W opublikowanym w czwartek tuż przed głosowaniem Sejmu nad tą ustawą oświadczeniu, Sąd Najwyższy stwierdza, że w związku z przyjęciem przez Komisję Sprawiedliwości i Praw Człowieka poprawek do poselskiego projektu ustawy o Sądzie Najwyższym (druk 1769) i podkreślanym wzmocnieniem roli Prezydenta RP kosztem uprawnień początkowo przyznanych Ministrowi Sprawiedliwości, warto zwrócić uwagę na treść wprowadzonego art. 87a ustawy. - To wprawdzie Prezydent podejmuje decyzje w sprawie tego, którzy z obecnych sędziów Sądu Najwyższego pozostaną w stanie czynnym, ale może to uczynić wyłącznie wobec tych sędziów, którzy wskazani zostaną przez Ministra Sprawiedliwości (zob. art. 87a § 4 projektu ustawy) – czytamy w oświadczeniu.
Jego autorzy wyjaśniają, że innymi słowy Prezydent związany jest wskazaniem Ministra Sprawiedliwości i nie może samodzielnie dokonać wyboru sędziów, którzy pozostaną w SN. Jego rola sprowadza się do zatwierdzenia kandydatur Ministra Sprawiedliwości. Może wprawdzie odmówić zatwierdzenia niektórych lub wszystkich wskazanych, ale nie może sam zdecydować o tym, którzy sędziowie SN pozostaną w stanie czynnym. W tym zakresie rola Ministra Sprawiedliwości jest nadal wiodąca.

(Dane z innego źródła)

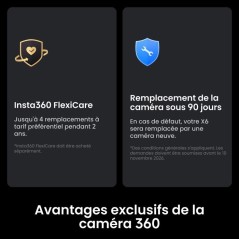 Caméra 360° - INSTA360 - X6 Standard Bundle Midnight Black - Vidéo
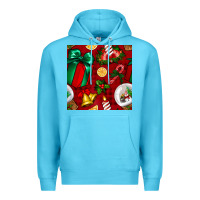 Ocean Blue christmas snow globe seamless pattern Premium Hoodie - BundleAndBundleShop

- Wobec tempa prac legislacyjnych nad projektem trudno o bardziej pogłębione refleksje. Nie tylko jednak podany przykład wskazuje na to, że przyjęte poprawki mają niewielkie znaczenie w kontekście wyrażonej już negatywnej opinii o projekcie i pozornie tylko prowadzą do zwiększenia roli Prezydenta oraz zgodności projektu z Konstytucją – stwierdza Sąd Najwyższy.